I've been working on an international trade model and the model has gotten really slow (sometimes taking weeks at a time to finish). Mostly, there was a big for loop that was slowing the process down, as shown here (in Python):
for s in xrange(self.S-1):
c_matrix[:,s+1,s+1:self.T+s+1] = ((self.beta * (1-self.MortalityRates[:,s,s:self.T+s]) * (1 + r_path[s+1:self.T+s+1] - self.delta)\
* psi[:,s+1,s+1:self.T+s+1])/psi[:,s,s:self.T+s])**(1/self.sigma) * c_matrix[:,s,s:self.T+s]*np.exp(-self.g_A)

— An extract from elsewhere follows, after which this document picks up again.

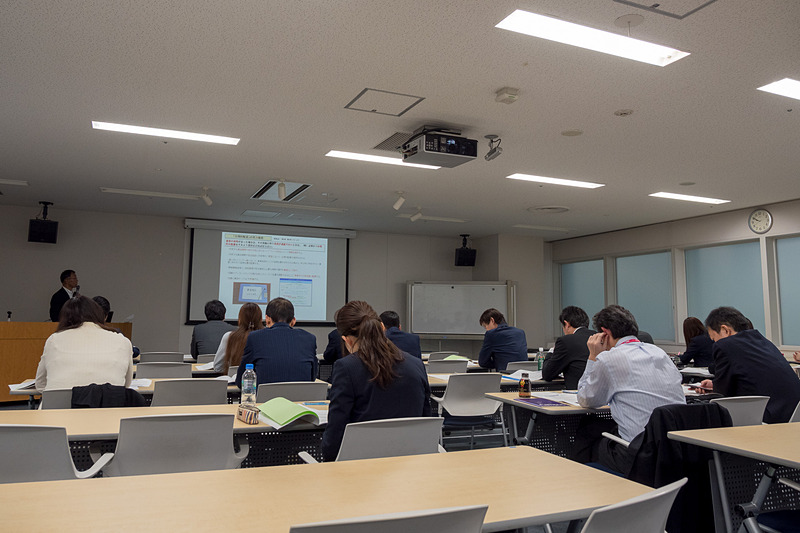 JATAが旅行会社向けに障害者差別解消法の理解と実践に向けた「2018年度ユニバーサルツーリズム推進セミナー」を実施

a_matrix[:,s+1,s+1:self.T+s+1] = ( (we[:,s,s:self.T+s] + (1 + r_path[s:self.T+s] - self.delta)*a_matrix[:,s,s:self.T+s] + bqvec_path[:,s,s:self.T+s])\
-c_matrix[:,s,s:self.T+s]*(1+we[:,s,s:self.T+s]*(self.chi/we[:,s,s:self.T+s])**self.rho) )*np.exp(-self.g_A)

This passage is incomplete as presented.